Every glass of this cobalt concoction — invented to use the Blue Curacao liqueur bought from a persuasive sales rep — was held up by bartender Harry Yee to check that its precise colour matched the Pacific ocean the bar overlooked.

The £10 concoction was created in 1957 at the Hilton Hawaiian Village Waikiki Beach Resort in Honolulu — now one of the biggest hotels in the world.

A few modern tweaks to the rum, Blue Curacao, pineapple and sweet-and-sour recipe (and sometimes vodka) haven’t dulled the colour or the kick. Visit hiltonhawaiianvillage.com.

Vieux Carre: 1930s New Orleans

Vieux Carre is named after the French Quarter in New Orleans, pictured. It includes brandy, rye whisky, cognac, vermouth and aromatic bitters

Named after the French Quarter in New Orleans, home to the creme de la creme Hotel Monteleone. The £10 cocktail — which includes brandy, rye whisky, cognac, vermouth and aromatic bitters — isn’t for the faint-hearted.

It was dreamed up by Walter Bergeron in 1938, head barman/ringmaster supreme at the hotel’s Carousel Bar — which looks like a circus big top.

There are just 25 seats at the bar; make sure one is yours and be reassured that it’s the merry-go round bar that is spinning (very slowly), not you… Visit hotelmonteleone.com.

Irish Coffee: San Fran ‘original’

A plaque commemorates the proud day in 1952 that Irish chef Joe Sheridan first worked at San Francisco’s Buena Vista cafe.

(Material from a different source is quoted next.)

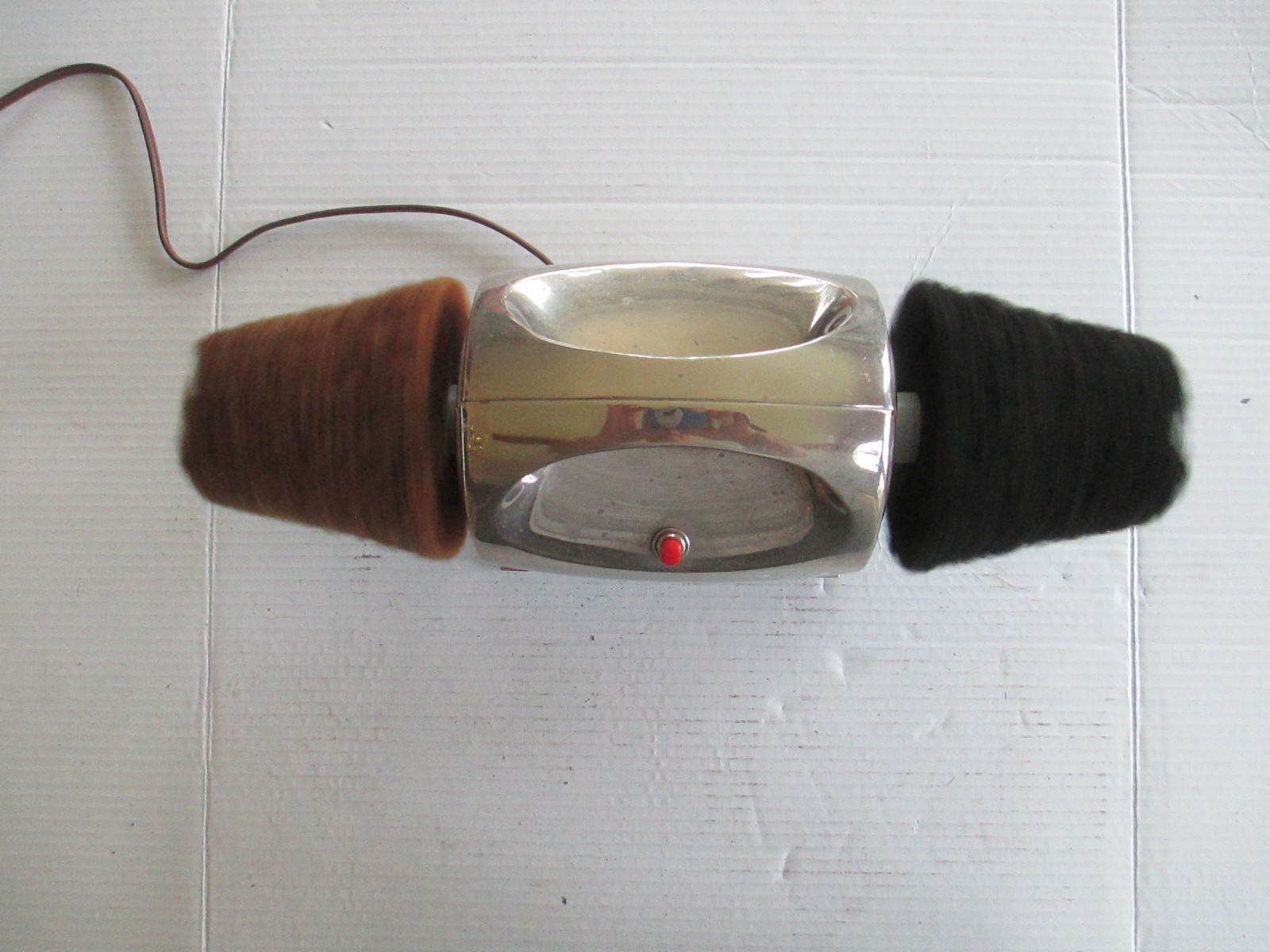 Very Nice Vintage Beck Electric Shoe Polisher & Buffer Model 277 BSMT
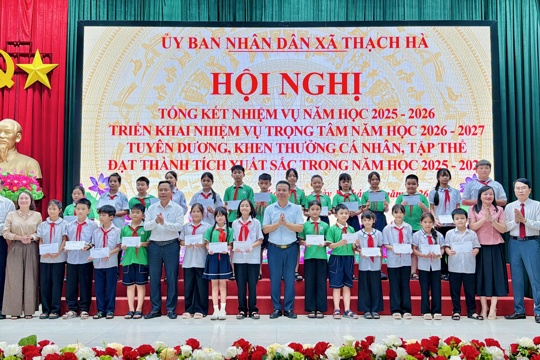 [Video] Thạch Hà tổng kết nhiệm vụ năm học 2025 - 2026, triển khai nhiệm vụ năm học 2026 - 2027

The cafe’s owner had been unable to recreate the precise flavour and joy of the Irish coffee knocked up by Joe to welcome passengers to Shannon airport in Ireland — and so he persuaded Joe to cross the Atlantic permanently instead.

Every day the bistro, converted from a boarding house to a saloon in 1916, serves 2,000 of its £9 signature cocktail made of sugar, Irish whisky, coffee and whipped cream. Visit thebuenavista.com.